== Excerpted data ==
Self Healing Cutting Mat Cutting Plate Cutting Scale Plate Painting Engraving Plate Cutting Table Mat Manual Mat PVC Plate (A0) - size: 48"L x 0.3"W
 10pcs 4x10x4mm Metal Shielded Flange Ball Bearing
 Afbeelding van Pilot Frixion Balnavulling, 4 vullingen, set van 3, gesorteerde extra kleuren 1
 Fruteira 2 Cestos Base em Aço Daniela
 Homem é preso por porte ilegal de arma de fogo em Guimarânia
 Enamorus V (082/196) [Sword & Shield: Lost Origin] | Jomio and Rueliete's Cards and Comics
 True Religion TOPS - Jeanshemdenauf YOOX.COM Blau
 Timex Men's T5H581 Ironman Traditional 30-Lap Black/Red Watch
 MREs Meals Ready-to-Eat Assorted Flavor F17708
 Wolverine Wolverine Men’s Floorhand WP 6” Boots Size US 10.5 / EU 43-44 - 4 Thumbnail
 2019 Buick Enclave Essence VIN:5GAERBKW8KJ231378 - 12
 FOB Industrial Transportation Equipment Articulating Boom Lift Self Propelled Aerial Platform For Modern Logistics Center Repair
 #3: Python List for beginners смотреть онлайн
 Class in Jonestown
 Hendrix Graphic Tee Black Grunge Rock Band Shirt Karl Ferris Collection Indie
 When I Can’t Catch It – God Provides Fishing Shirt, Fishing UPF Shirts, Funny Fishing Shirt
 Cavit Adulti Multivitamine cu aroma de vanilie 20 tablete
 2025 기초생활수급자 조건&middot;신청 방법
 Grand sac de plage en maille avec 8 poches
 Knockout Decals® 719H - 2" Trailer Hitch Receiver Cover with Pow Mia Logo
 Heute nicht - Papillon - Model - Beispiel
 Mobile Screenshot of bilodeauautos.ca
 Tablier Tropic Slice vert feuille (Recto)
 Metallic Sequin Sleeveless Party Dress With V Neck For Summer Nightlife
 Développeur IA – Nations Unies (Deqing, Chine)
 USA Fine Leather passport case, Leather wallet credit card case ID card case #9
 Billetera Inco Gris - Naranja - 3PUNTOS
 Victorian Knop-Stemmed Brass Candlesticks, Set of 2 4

== Problem to solve ==
Print the line that contains "USA Fine Leather", then every later line of the entries above up to and including the last, all exactly as written.

== Problem solution ==
 USA Fine Leather passport case, Leather wallet credit card case ID card case #9
 Billetera Inco Gris - Naranja - 3PUNTOS
 Victorian Knop-Stemmed Brass Candlesticks, Set of 2 4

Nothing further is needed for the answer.